The well-known magician has never done anything else. “I did for a brief time when I was nine consider maybe becoming a teacher but I quickly grew out of it,” Johnson says.

Johnson performs for people of varying ages and likes the fact that he can switch back and forth between his adult and children’s shows.

“What I do for kids and what I do for adults is completely different not just in terms of the types of tricks but what the audience expects, what I expect and what the character is. I keep them completely separate so that people know what to expect when I show up.”

Keeping the magic alive is something Johnson has been working on his entire life. Although he is a major success at kids parties, going by alter ego Tricky Nick, he says one of his favourite things to do is teach people how to avoid being fooled.

“I think a lot of the time magicians come and they fool people and then they leave them hanging a little with this sense of ‘wow something happened but I don’t know what it is’,” Johnson says.

“There’s mystery, wonder and entertainment, there’s something going on that they feel like they want to connect with.

“I love, not necessarily ruining the trick, but explaining what goes on inside your brain when you get fooled; how magicians’ tricks are used by con artists and the way the media deceives us in the same way a magician deceives you with a deck of cards.”

Throughout history, magic has often been used to trick people into believing that the magician has special powers.

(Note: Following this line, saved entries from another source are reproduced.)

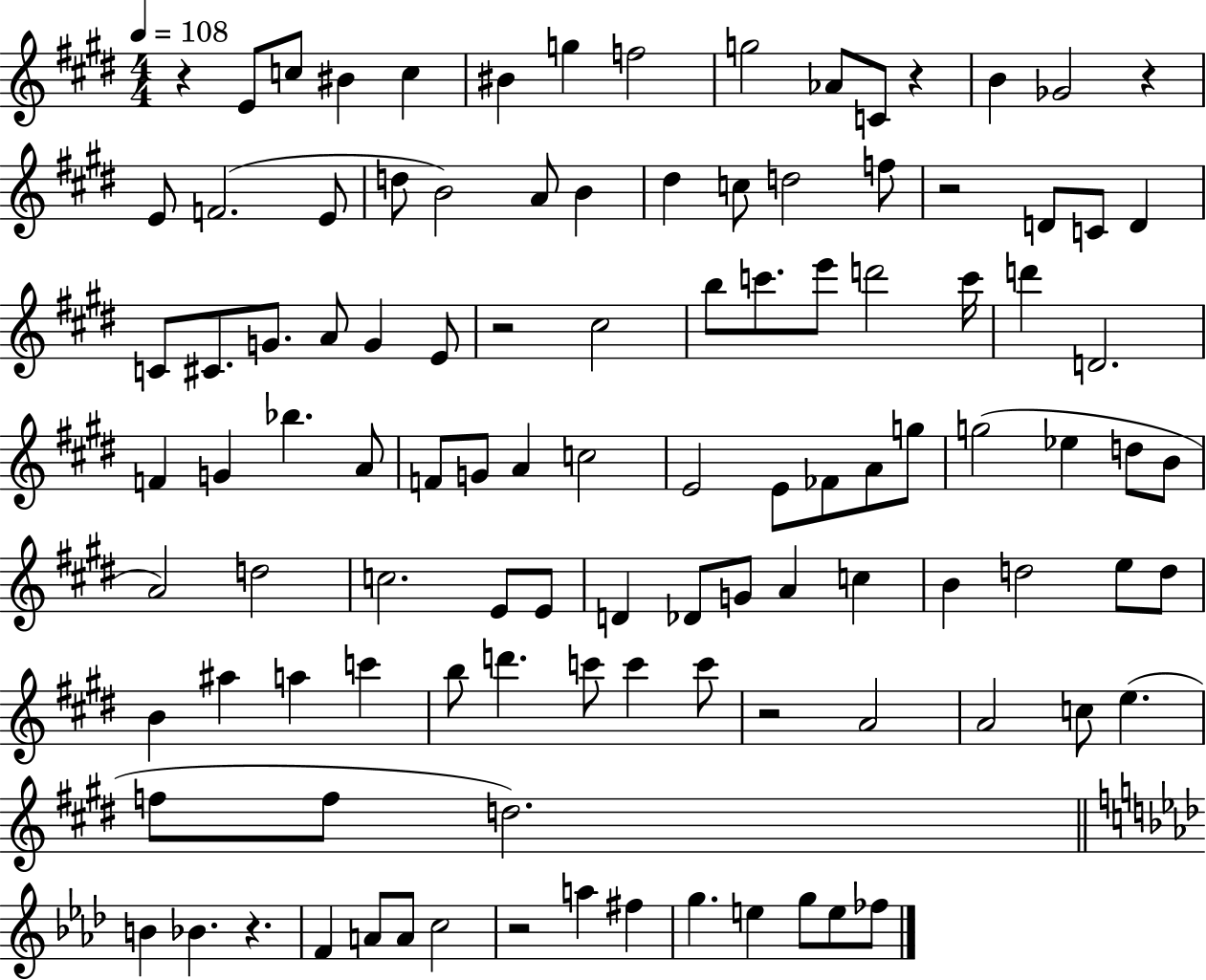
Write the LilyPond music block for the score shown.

{
  \clef treble
  \numericTimeSignature
  \time 4/4
  \key e \major
  \tempo 4 = 108
  \repeat volta 2 { r4 e'8 c''8 bis'4 c''4 | bis'4 g''4 f''2 | g''2 aes'8 c'8 r4 | b'4 ges'2 r4 | \break e'8 f'2.( e'8 | d''8 b'2) a'8 b'4 | dis''4 c''8 d''2 f''8 | r2 d'8 c'8 d'4 | \break c'8 cis'8. g'8. a'8 g'4 e'8 | r2 cis''2 | b''8 c'''8. e'''8 d'''2 c'''16 | d'''4 d'2. | \break f'4 g'4 bes''4. a'8 | f'8 g'8 a'4 c''2 | e'2 e'8 fes'8 a'8 g''8 | g''2( ees''4 d''8 b'8 | \break a'2) d''2 | c''2. e'8 e'8 | d'4 des'8 g'8 a'4 c''4 | b'4 d''2 e''8 d''8 | \break b'4 ais''4 a''4 c'''4 | b''8 d'''4. c'''8 c'''4 c'''8 | r2 a'2 | a'2 c''8 e''4.( | \break f''8 f''8 d''2.) | \bar "||" \break \key aes \major b'4 bes'4. r4. | f'4 a'8 a'8 c''2 | r2 a''4 fis''4 | g''4. e''4 g''8 e''8 fes''8 | \break } \bar "|."
}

Johnson says, although that is one side of it, these days a lot of magicians use their skills to deceive and take advantage of people.

“Thousands of years ago it was done by high priests who would use the skills of magic to pretend that they were talking to gods. Now you have people like John Edwards who pretend to talk to dead people,” Johnson says.

“Things like psychics and clairvoyants and people talking to the dead. Even people talking about things like neural linguistic programming, pretending they can read body language signs and all this pop psychology stuff.”

The magic show, he believes, is based on an unspoken agreement between audience and magician.

“You know you’re going to be fooled, you’re sort of consenting to be fooled. I hate the idea that people are being fooled without their consent.”

In fact, Johnson uses his magic shows to expose the tricks of the con artist’s trade. By inspiring the audiences to think critically, he reveals what it takes to never be scammed again.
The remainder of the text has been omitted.